Tamil All Character Encoding

Tamil All Character Encoding(TACE16) is a 16-bit unicode based character encoding scheme for Tamil language.[1][2]

Keyboard drivers and Fonts

The Keyboard driver for this encoding scheme are available in Tamil Virtual University website for free.[3] It uses Tamil99 and Tamil Typewriter keyboard layouts, which are approved by Tamil Nadu Government, and maps the input keystrokes to its corresponding characters of TACE16 scheme.[2] To read the files which are created using TACE16 scheme, the corresponding Unicode Tamil fonts for this encoding scheme are also available in the same website.[3] These fonts not only has mapping of glyphs for characters of TACE16 format, but also has mapping of glyphs for the present Unicode encoding for both ASCII and Tamil characters, so that it can provide backward compatibility for reading existing files which are created using present Unicode encoding scheme for Tamil language.

Codepage Layout

All characters of this encoding scheme are located in Basic Multilingual Plane of Unicode's Universal Character Set.

Tamil All Character Encoding(TACE16) Character Set
Consonants→
Vowels
E10 E18 E1A E1F E20 E21 E22 E23 E24 E25 E26 E27 E28 E29 E2A E2B E2C E2D E2E E2F E30 E31 E32 E33 E34 E35 E36 E37 E38 E39 E3A E3B E3C E3D E3E E3F
0 அரைக்கால் க் ங் ச் ஞ் ட் ண் த் ந் ப் ம் ய் ர் ல் வ் ழ் ள் ற் ன் ஜ் ஶ் ஷ் ஸ் ஹ் க்ஷ்
1 கால் க்ஷ
2 அரை கா ஙா சா ஞா டா ணா தா நா பா மா யா ரா லா வா ழா ளா றா னா ஜா ஶா ஷா ஸா ஹா க்ஷா
3 முக்கால் ி கி ஙி சி ஞி டி ணி தி நி பி மி யி ரி லி வி ழி ளி றி னி ஜி ஶி ஷி ஸி ஹி க்ஷி
4 அரைவீசம் கீ ஙீ சீ ஞீ டீ ணீ தீ நீ பீ மீ யீ ரீ லீ வீ ழீ ளீ றீ னீ ஜீ ஶீ ஷீ ஸீ ஹீ க்ஷீ
5 வீசம் கு ஙு சு ஞு டு ணு து நு பு மு யு ரு லு வு ழு ளு று னு ஜு ஶு ஷு ஸு ஹு க்ஷு
6 மூவீசம் கூ ஙூ சூ ஞூ டூ ணூ தூ நூ பூ மூ யூ ரூ லூ வூ ழூ ளூ றூ னூ ஜூ ஶூ ஷூ ஸூ ஹூ க்ஷூ
7 அரைமா கெ ஙெ செ ஞெ டெ ணெ தெ நெ பெ மெ யெ ரெ லெ வெ ழெ ளெ றெ னெ ஜெ ஶெ ஷெ ஸெ ஹெ க்ஷெ
8 பௌர்ணமி ஒருமா கே ஙே சே ஞே டே ணே தே நே பே மே யே ரே லே வே ழே ளே றே னே ஜே ஶே ஷே ஸே ஹே க்ஷே
9 அமாவாசை இரண்டுமா கை ஙை சை ஞை டை ணை தை நை பை மை யை ரை லை வை ழை ளை றை னை ஜை ஶை ஷை ஸை ஹை க்ஷை
A கார்த்திகை மும்மா கொ ஙொ சொ ஞொ டொ ணொ தொ நொ பொ மொ யொ ரொ லொ வொ ழொ ளொ றொ னொ ஜொ ஶொ ஷொ ஸொ ஹொ க்ஷொ
B ராஜ நாலுமா கோ ஙோ சோ ஞோ டோ ணோ தோ நோ போ மோ யோ ரோ லோ வோ ழோ ளோ றோ னோ ஜோ ஶோ ஷோ ஸோ ஹோ க்ஷோ
C முந்திரி கௌ ஙௌ சௌ ஞௌ டௌ ணௌ தௌ நௌ பௌ மௌ யௌ ரௌ லௌ வௌ ழௌ ளௌ றௌ னௌ ஜௌ ஶௌ ஷௌ ஸௌ ஹௌ க்ஷௌ
D அரைக்காணி ஸ்ரீ
E காணி
F முக்காணி
Note:
Newly added.
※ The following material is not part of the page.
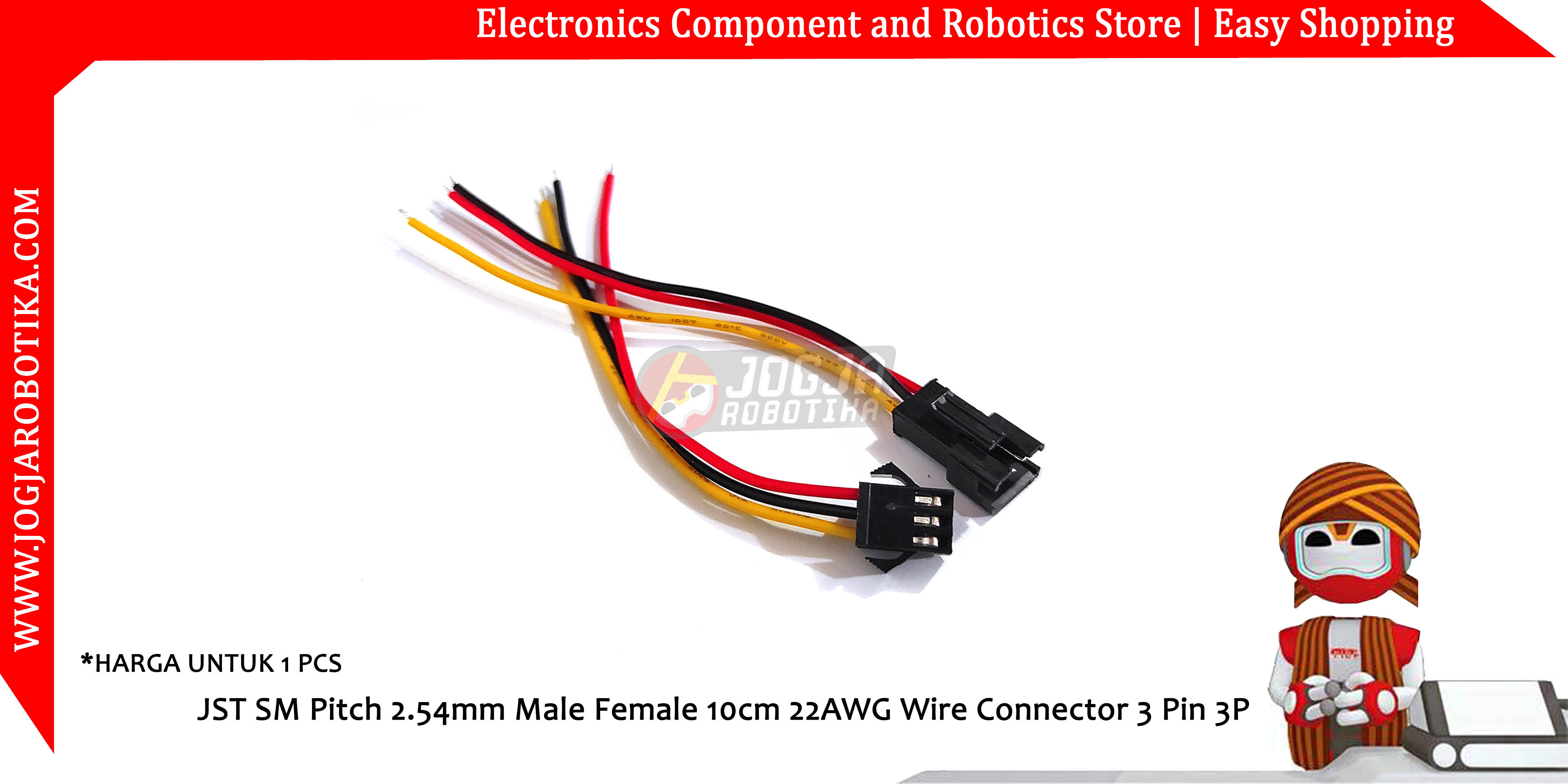 JST SM Pitch 2.54mm Male Female 10cm 22AWG Wire Connector 3 Pin 3P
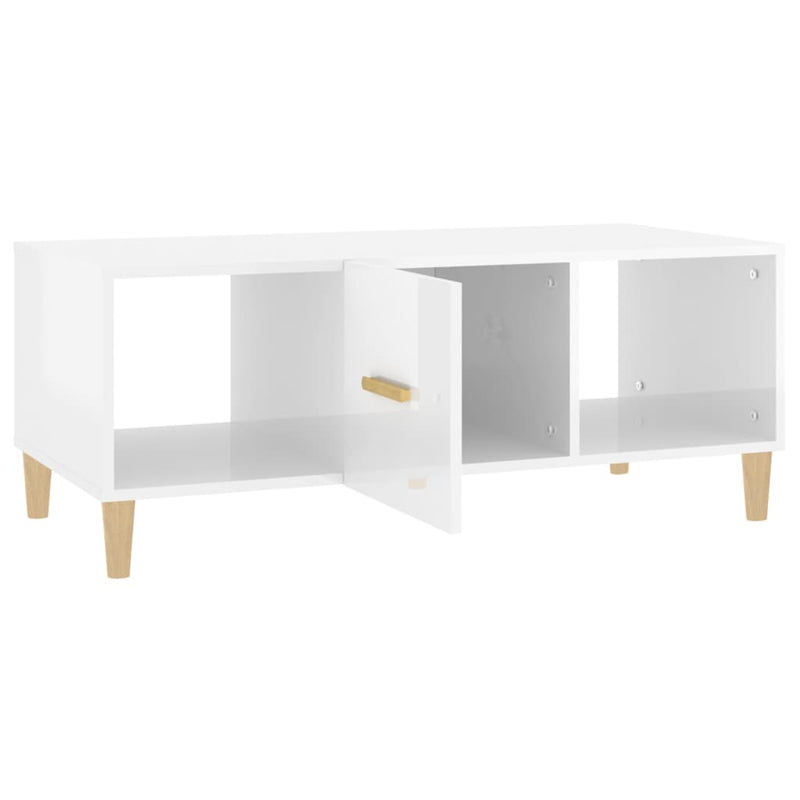 Coffee Table High Gloss White 102x50x40 cm Engineered Wood Payday Deals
Not present in Unicode_v6.3.
Allocated for researches(NLP)
For future use

Analysis of TACE16 over present Unicode standard for Tamil language

Issues with the present Unicode for Tamil language

The present Unicode standard for Tamil is considered not adequate for efficient and effective usage of Tamil in computers, due to the following reasons:[1]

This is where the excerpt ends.